● Saved data entries
#####

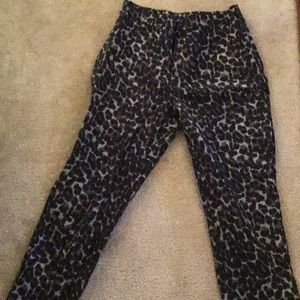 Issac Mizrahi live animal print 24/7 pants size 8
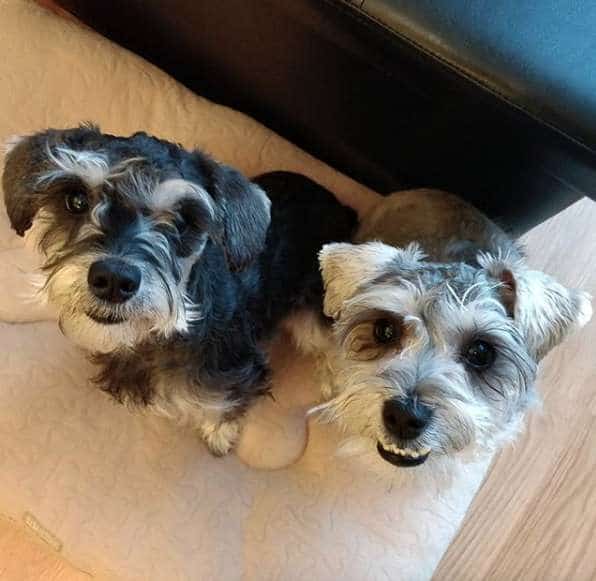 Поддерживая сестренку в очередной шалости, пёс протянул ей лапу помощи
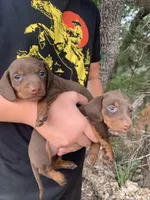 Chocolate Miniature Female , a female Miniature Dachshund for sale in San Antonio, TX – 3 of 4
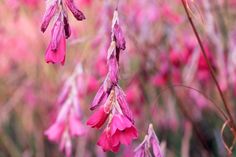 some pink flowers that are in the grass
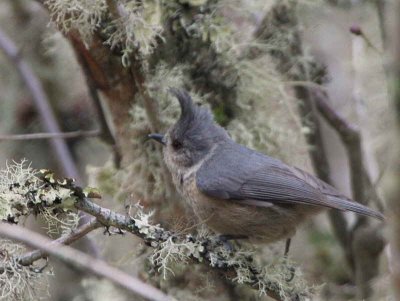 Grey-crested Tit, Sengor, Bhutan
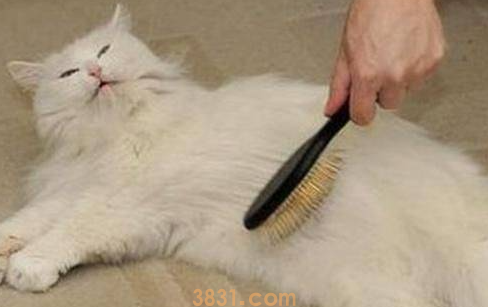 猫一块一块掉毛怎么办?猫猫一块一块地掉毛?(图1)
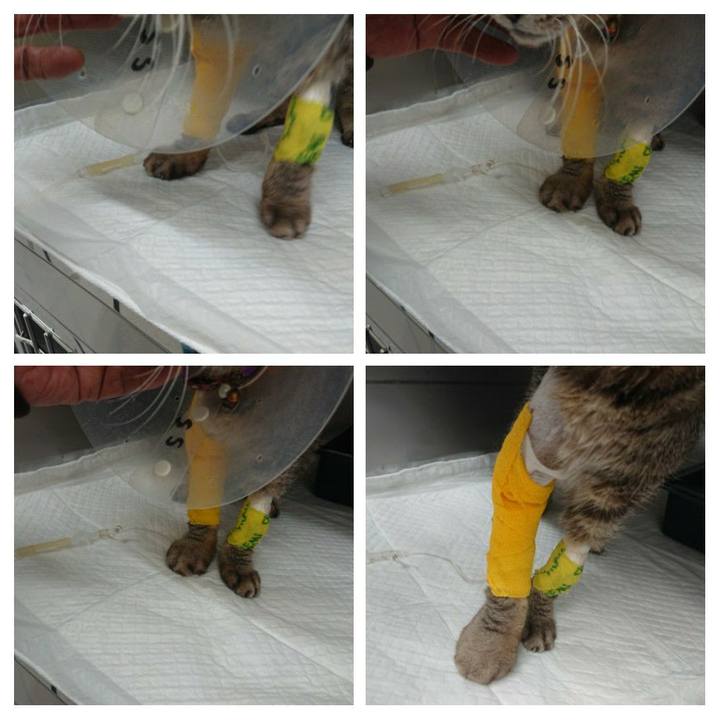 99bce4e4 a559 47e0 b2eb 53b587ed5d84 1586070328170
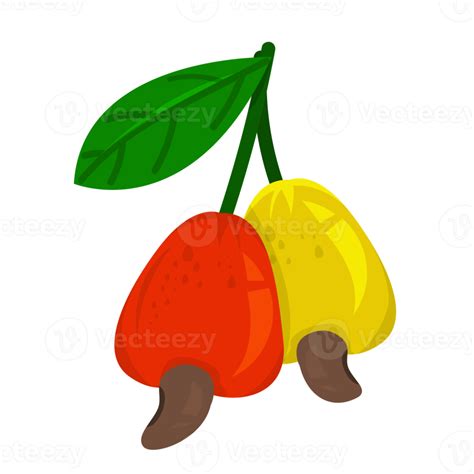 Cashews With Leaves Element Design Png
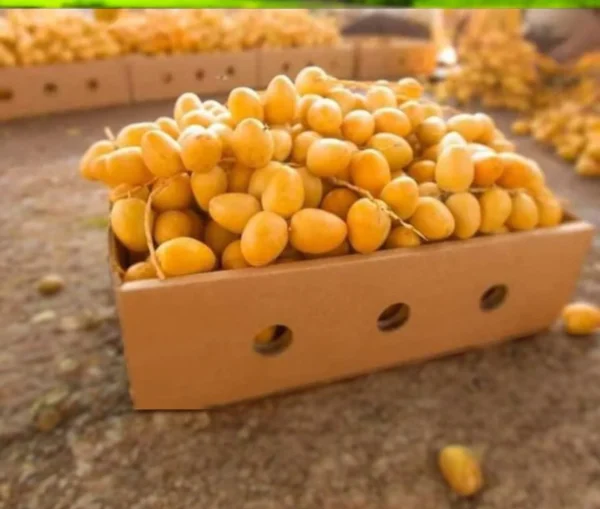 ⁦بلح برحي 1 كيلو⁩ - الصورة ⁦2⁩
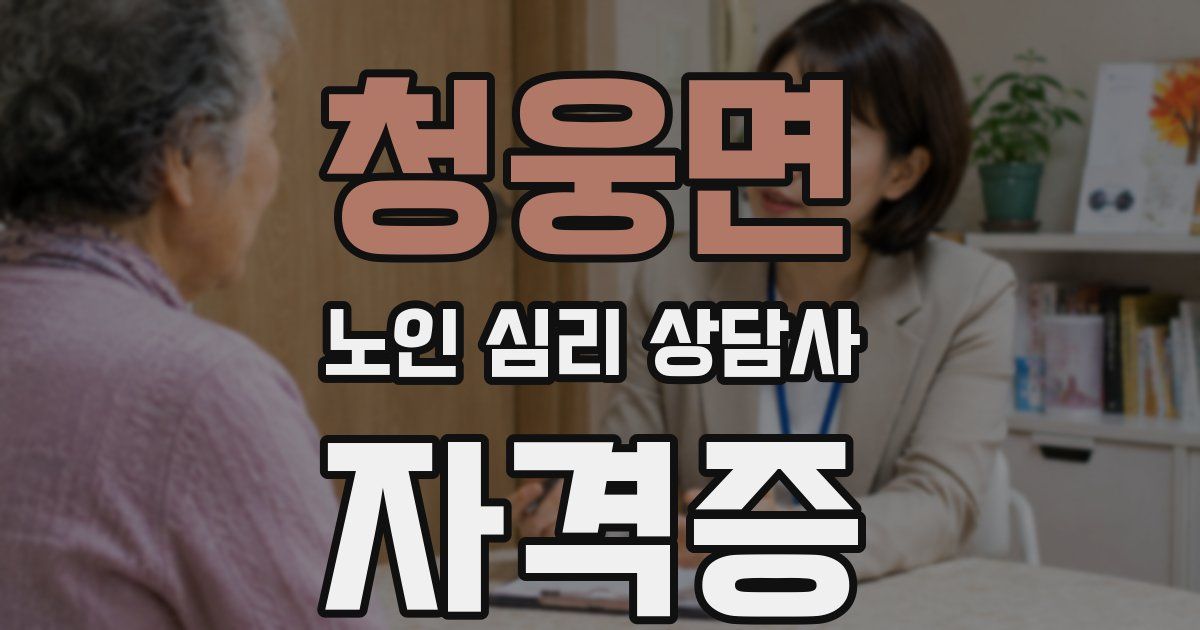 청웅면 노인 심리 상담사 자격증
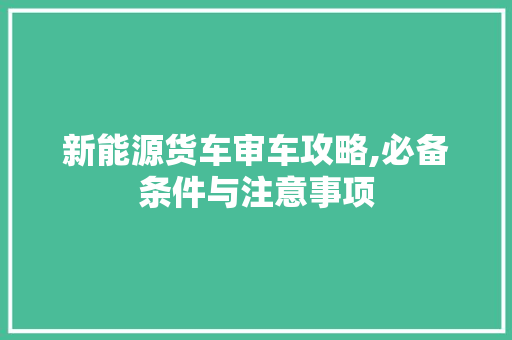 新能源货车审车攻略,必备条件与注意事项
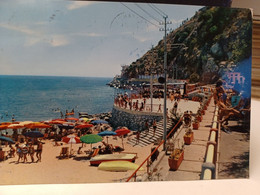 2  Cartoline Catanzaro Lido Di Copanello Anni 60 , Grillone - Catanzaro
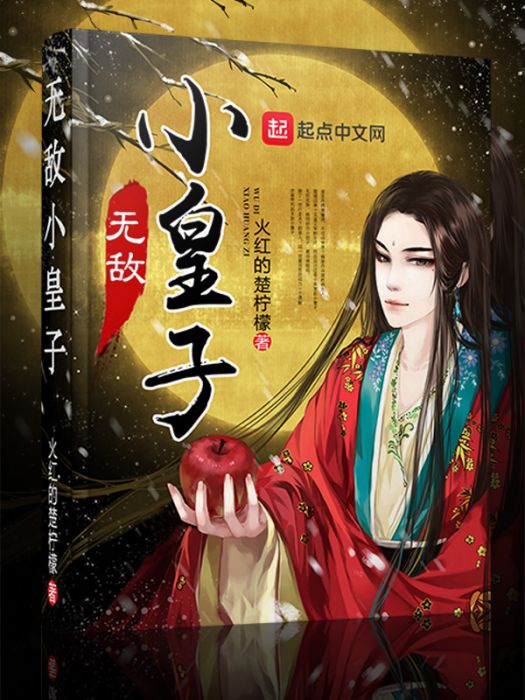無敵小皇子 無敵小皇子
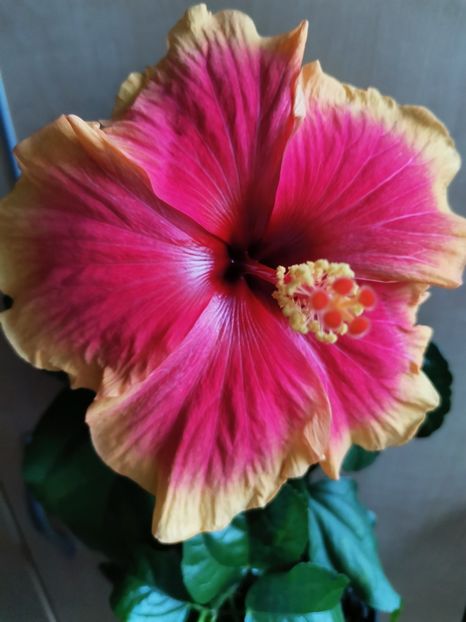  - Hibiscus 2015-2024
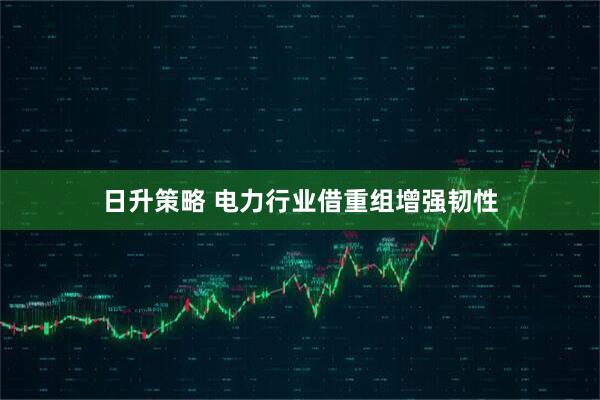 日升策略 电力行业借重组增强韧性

#####

● Required action
Repeat the data exactly. Pictures should not appear.

● Solution
 Issac Mizrahi live animal print 24/7 pants size 8
 Поддерживая сестренку в очередной шалости, пёс протянул ей лапу помощи
 Chocolate Miniature Female , a female Miniature Dachshund for sale in San Antonio, TX – 3 of 4
 some pink flowers that are in the grass
 Grey-crested Tit, Sengor, Bhutan
 猫一块一块掉毛怎么办?猫猫一块一块地掉毛?(图1)
 99bce4e4 a559 47e0 b2eb 53b587ed5d84 1586070328170
 Cashews With Leaves Element Design Png
 ⁦بلح برحي 1 كيلو⁩ - الصورة ⁦2⁩
 청웅면 노인 심리 상담사 자격증
 新能源货车审车攻略,必备条件与注意事项
 2  Cartoline Catanzaro Lido Di Copanello Anni 60 , Grillone - Catanzaro
無敵小皇子 無敵小皇子
  - Hibiscus 2015-2024
 日升策略 电力行业借重组增强韧性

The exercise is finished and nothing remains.